Category Archives: Trade Union activity

Working class women face court fees as evictions keep rising

No time for your Housing issues, we have an election on…

This is what Labour MP for East Ham Stephen Timms said to Chantelle, when she visited him last week as a last resort in her struggle for decent long-term accommodation with her young son in Newham.

Three years ago, Chantelle and her two month old son, were placed by Newham Council, under the Bond Scheme, in private-rented accommodation. The flat has mice and cockroaches, damp, no loft insulation and intermittent problems with the boiler leaving Chantelle and her son with periods of no hot water or heating. Chantelle’s son is in a local nursery and has a place in the school for September 2017.

Out of the blue, in January 2017, Chantelle received a Section 21 Notice of Possession (Section 21 of the Housing Act 1988, is the legal eviction notice a landlord can give to a tenant to regain possession of a property at the end of an Assured Shorthold Tenancy). Frightened by the prospect of homelessness with her young son, Chantelle sought advice and Newham Council advised Chantelle to stay put, not to move out to stay with a family member as she would then be making herself intentionally homeless.
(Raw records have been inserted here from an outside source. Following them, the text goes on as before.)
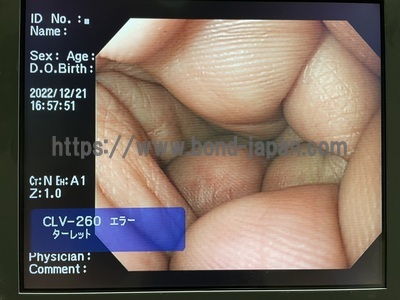 Video Gastroscope&nbsp;|&nbsp;OLYMPUS&nbsp;|&nbsp;GIF-Q260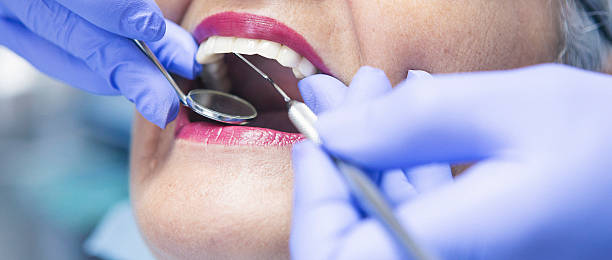 Best Same-Day Emergency Dentist in Chalfant, CA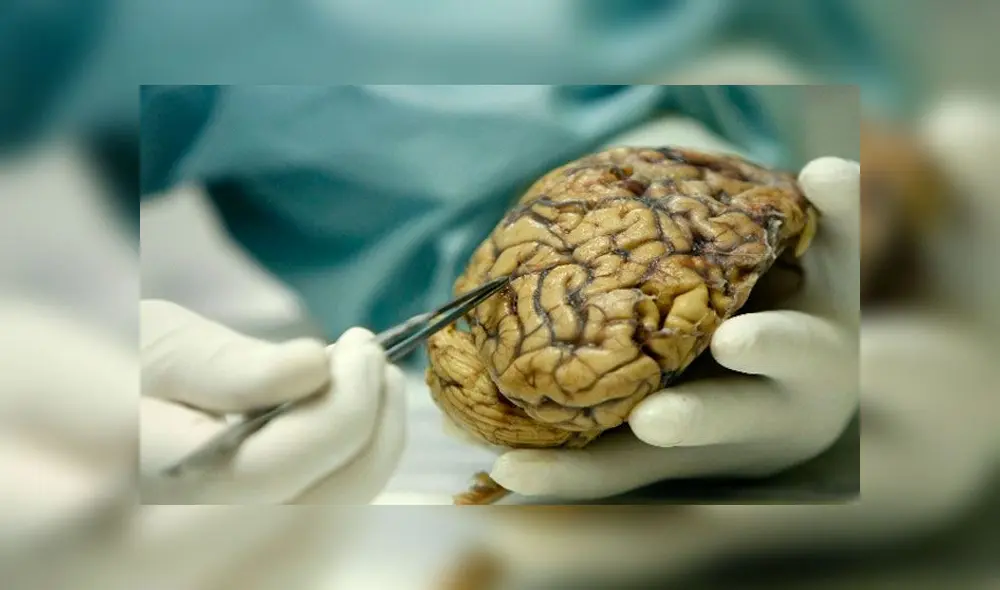 La materia gris del cerebro es vital para procesar información en el cerebro. Foto: EFE. La materia gris del cerebro es vital para procesar información en el cerebro. Foto: EFE.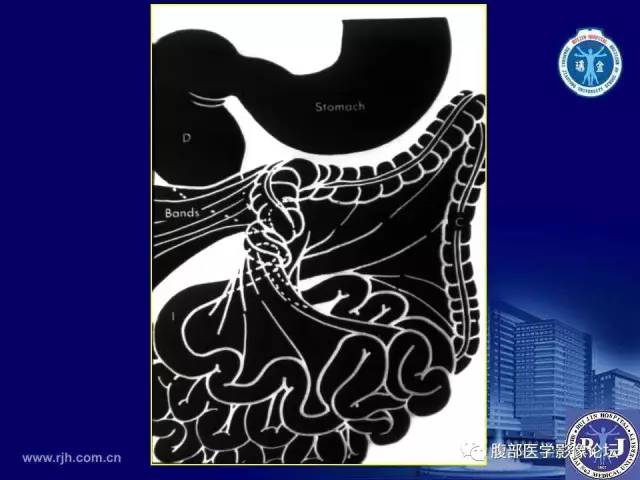 【PPT】绞窄性肠梗阻CT诊断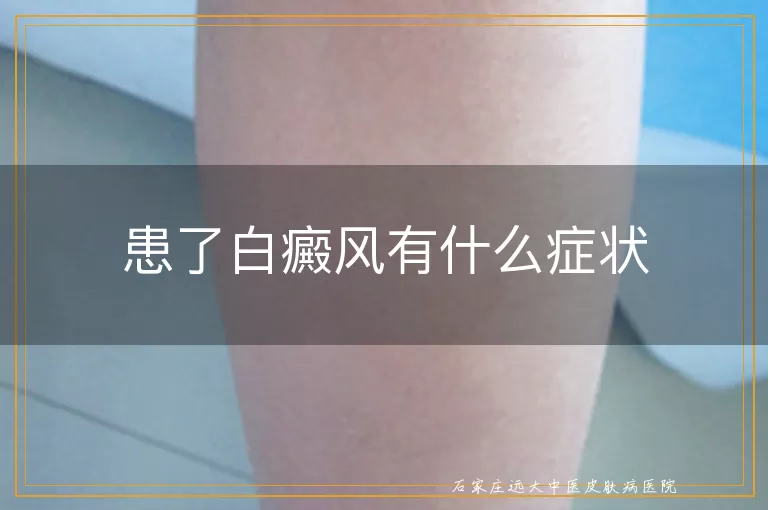 患了白癜风有什么症状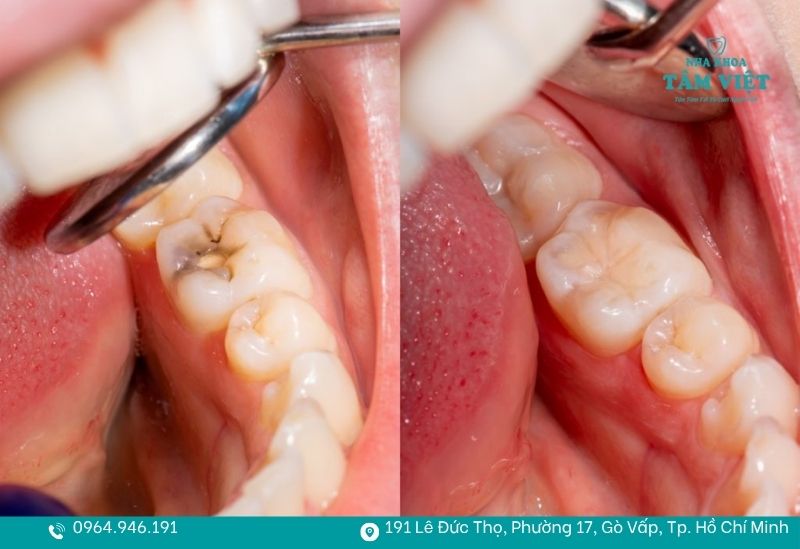 Trám răng sâu an toàn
She was advised to look for private accommodation in the two weeks that followed and when she was not successful, she was then advised by the housing office to go through with the eviction process and she was told she would not be liable for court fees.

However  outrageously Chantelle has been ordered to pay court costs of £355 to the landlord for this eviction and bailiff’s have been summoned to evict her, creating more stress and anxiety for Chantelle and her son.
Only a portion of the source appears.